High-energy atomic photoelectric effect and bremsstrahlung.

Abstract

The relativistic photoionization cross sections from ${\mathrm{ns}}_{1/2}$,${\mathrm{np}}_{1/2}$,${\mathrm{np}}_{3/2}$ subshells, in the high-energy limit, have been analytically obtained. The main effects of screening enter through their effects on bound-state normalizations and energy levels. To estimate further effects, the screened potential at small distances is analytically described by a power-series expansion in the small distance r. For this high-energy-limit situation, both bound and continuum wave functions are expanded in power series for small r. The bound-free transition cross sections are then calculated analytically.

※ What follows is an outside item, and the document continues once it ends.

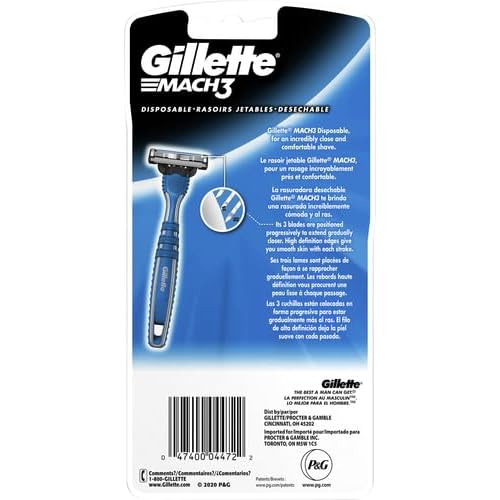 Gillette Gillete Mach 3 Smooth Shave Disposable Razor, 3 Count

Our results show that, beyond the known screening effect described by normalization factors, the screening effect enters the cross sections primarily through the change in bound-state energy and is otherwise not too sensitive to the expansion coefficients of the potential. The formulas contain no explicit n dependence. Comparisons with existing finite-energy numerical results indicate that ratios, though not absolute values, of cross sections attain their high-energy limits relatively early. Using Poincar\'e's theorem, all the photoionization results may be analytically continued to the high-frequency region of the spectrum of electron bremsstrahlung. Screening is dominated by the ``extra'' screening (namely, the screening which is not described by the known ``normalization screening'') except in the very tip region (a few eV above threshold), where normalization screening is much more important. The extension to positron bremsstrahlung is also discussed.